9:55 a.m.  I listened to Foolish Games by Jewel and added it to the profile..seemed to suit for the most part. I should probably give this social thing another try....

10:13 a.m. Had a slice of chocolate cake first thing in the morning....ah..what it is to send the happy feels to your brain from dessert. Then, I had Thanksgiving leftovers. Grandpa and Jen wished me a Happy Birthday which boosted my mood more than you know.

I have every desire in my heart to forgive all the while I'm breaking through, and down, the wall of anger.

10:24 a.m. I sent a message to Rob..but I don't think he's awake. I let Mom know that we need to pick up my prescription and my cake. What a sentence.

10:37 a.m. Mom wished me a Happy Birthday which was nice. :D

10:45 a.m. I love April, I do. This just needs to change. She has to want to change...this.

11:01 a.m. Watching Yogi bear with the fam. :)

1:13 p.m. April and I are talking things out and the day is, indeed, getting better. Especially with all the well wishes!! :D



This was my favorite, from Helen, sent last year.

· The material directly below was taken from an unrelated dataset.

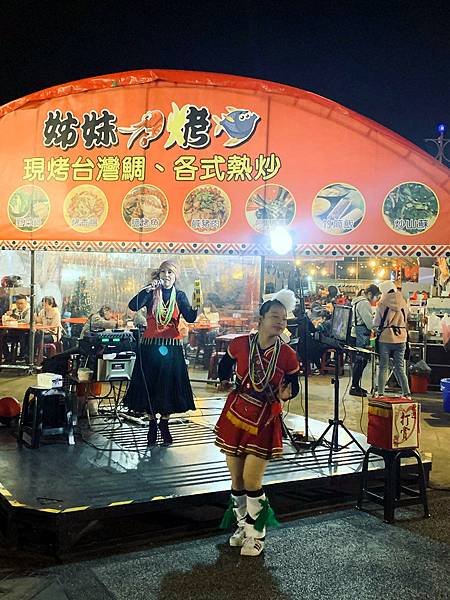 IMG_E6236_副本.jpg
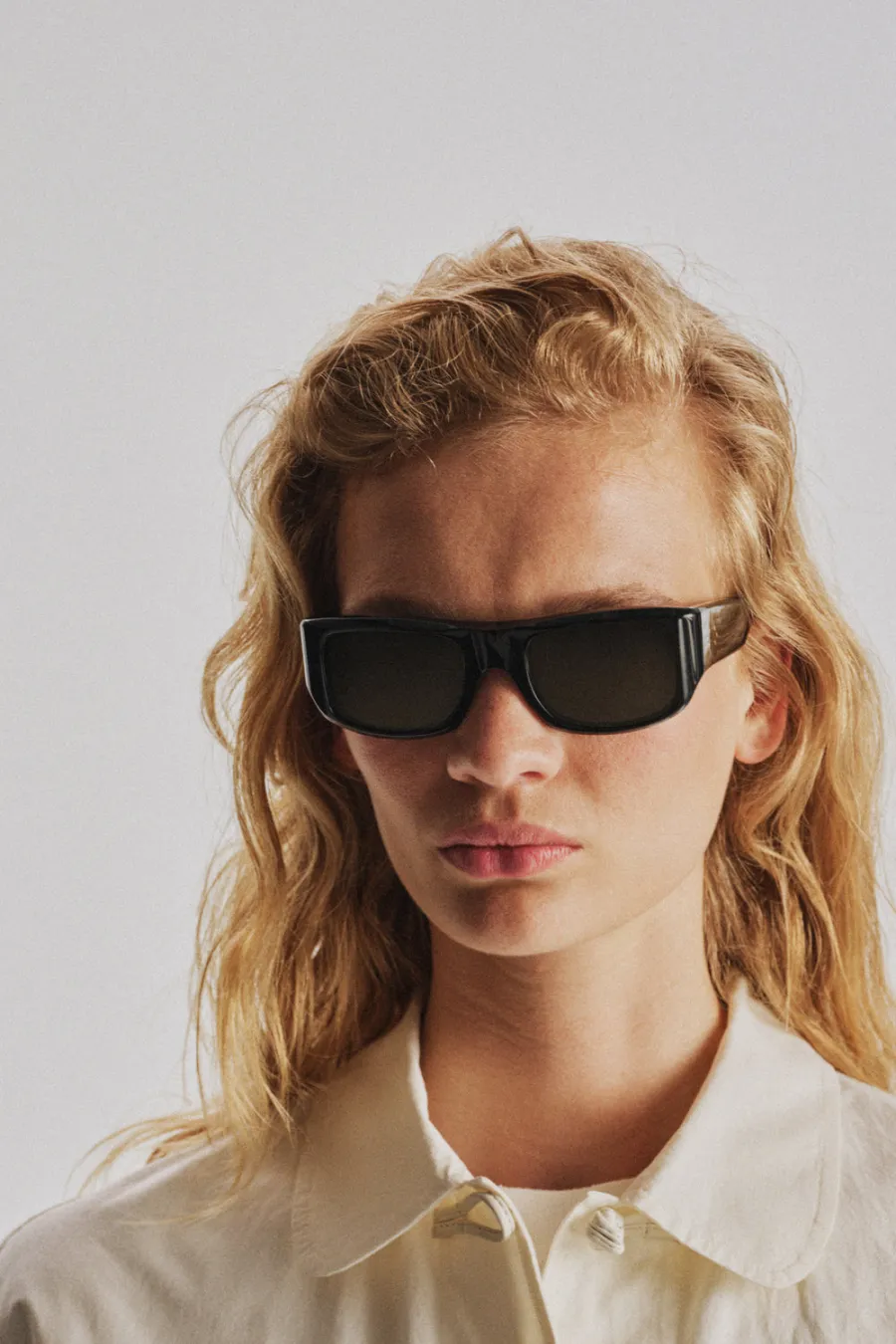 Подарок до 10 млн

1:23 p.m. Print screening...and appreciating the hectic rambunctiousness of my family a lot more than I did this morning.

1:27 p.m. Lol at the email. I was active as a goth teen, since then I've saved it from an inactive account purge for fun and browsed the photos of my teen years in the photo album.

2:41 p.m. Leaving with Mom soon to get meds and cake. Oh, and the Santa was out in front gathering donations so Prayers of blessing for his collections today in Jesus Name! His bucket was so stuffed that I watched him cram it down to fit room for more donations. :D God is good, people!

4:07 p.m. I went with Mom and got the meds and cake, and some tea, and we came home. 


There was the little blonde girl, her Mom..I think it's her Mom..DJ, and Zack. I wanted a corner piece, so did DJ, the little girl, and Zackary. So right away the corners were cut off. The kids also sang Happy Birthday for me.



Meanwhile, DJ tried to use a cake cutter, since I was butchering it with a steak knife, and the cutter BROKE OFF!! 


We all sat and had cake. The verdict was that it was very, very, sugary. 


Afterwards, I put it in the fridge and edited some more photos.

4:14 p.m. Added photos to this blog. And..I let Rob that I'm staying a few extra days (until Monday or Tuesday) to get my medical records released to prepare to apply for disability. Pray for me in Jesus Name, Amen! All Glory, Praise, Thanks, and all things be to God on the Highest forever and ever in Jesus Name, Amen! God Bless, Jesus Loves, Lives, Saves!

9:34 p.m. I watched tv with Mom and hung out with the family, then went with DJ to the store for some stuff. After that I hung out by the fire for a while and took photos...and enjoyed the night sky.

Caption this moment.


 

9:45 p.m. I can't believe all that's happened today. The day DID get better. The week has been God-blessed and people-filled. My complaints, sorry for them, will not change this wonderful gift that continues in my life and begs not to be taken for granted. The week just looks like a wonderful life. Thanks God. God Bless, Jesus Loves, Lives, Saves. All Glory, Praise, Thanks, and all things be to God on the Highest forever and ever in Jesus Name, Amen! God is Able!!